- [Dataset excerpts]
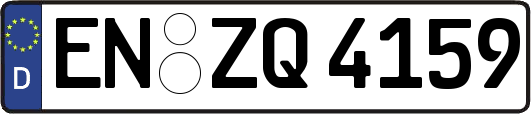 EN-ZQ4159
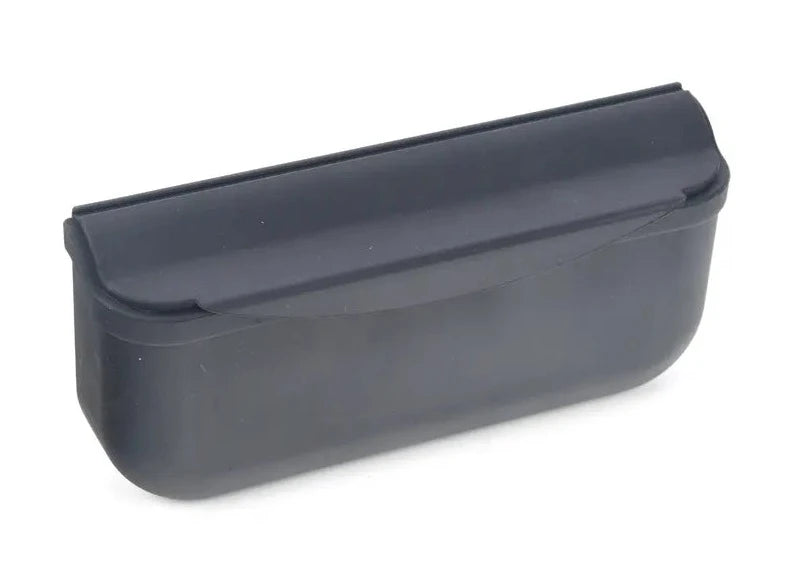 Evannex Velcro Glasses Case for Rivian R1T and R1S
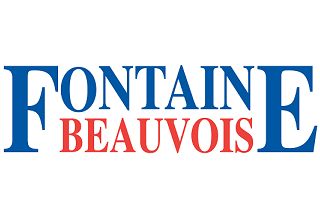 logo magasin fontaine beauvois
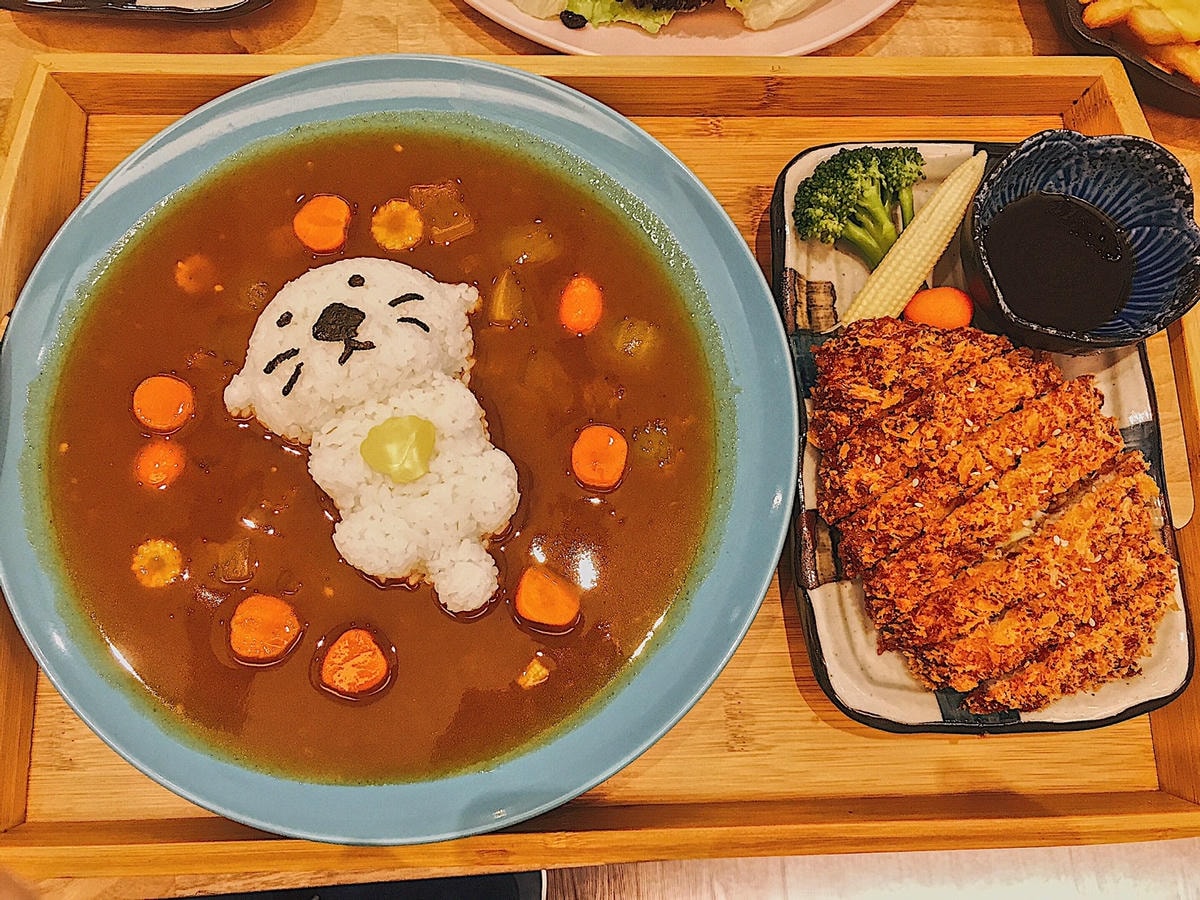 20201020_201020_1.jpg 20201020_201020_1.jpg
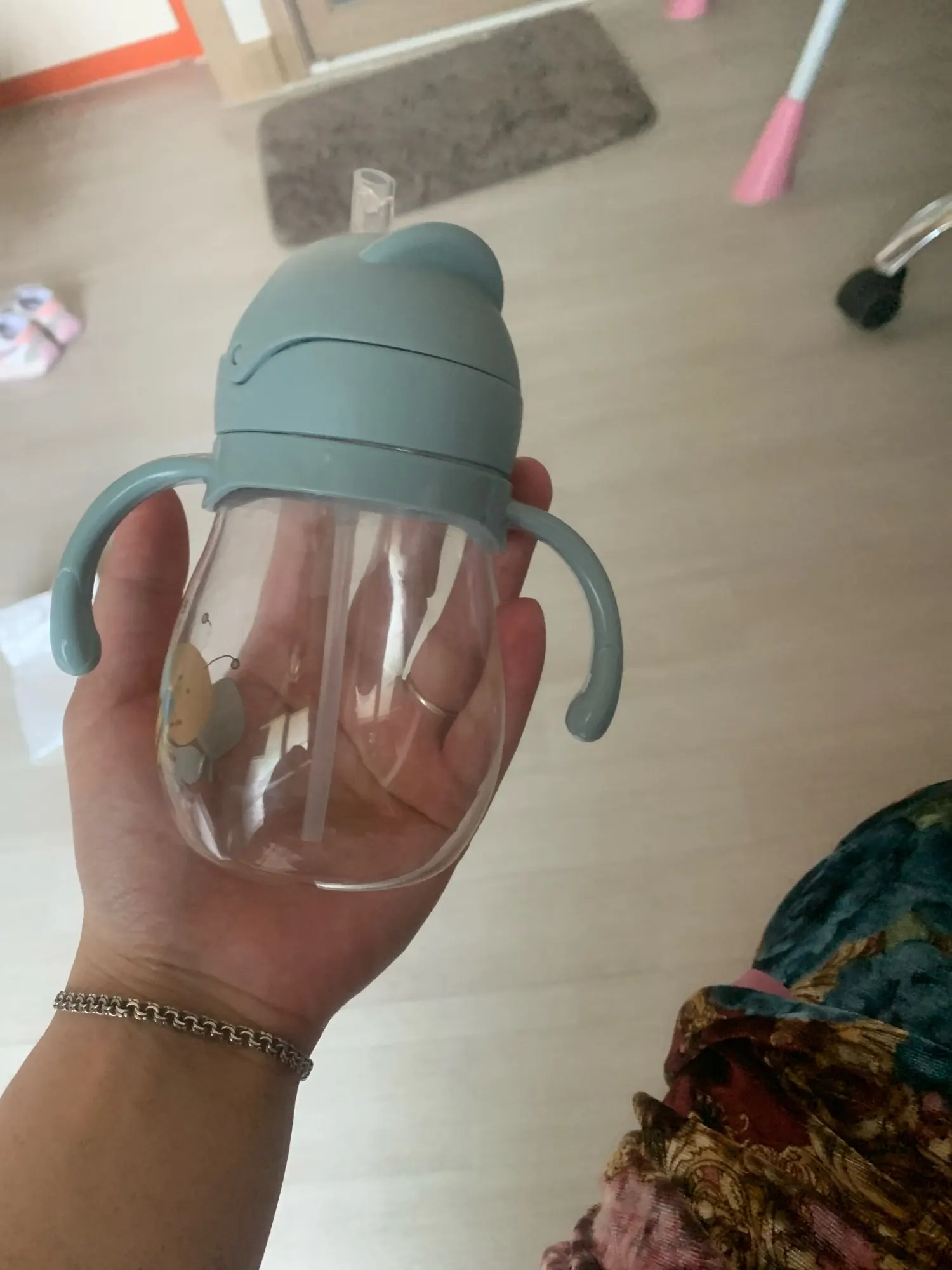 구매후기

- [Your instructions]
Both the line containing "20201020_201020_1.jpg 20201020_201020_1.jpg" and the last line of the listing above belong in the copy, along with every line between them; retype them exactly and omit the pictures.

- [Result]
 20201020_201020_1.jpg 20201020_201020_1.jpg
 구매후기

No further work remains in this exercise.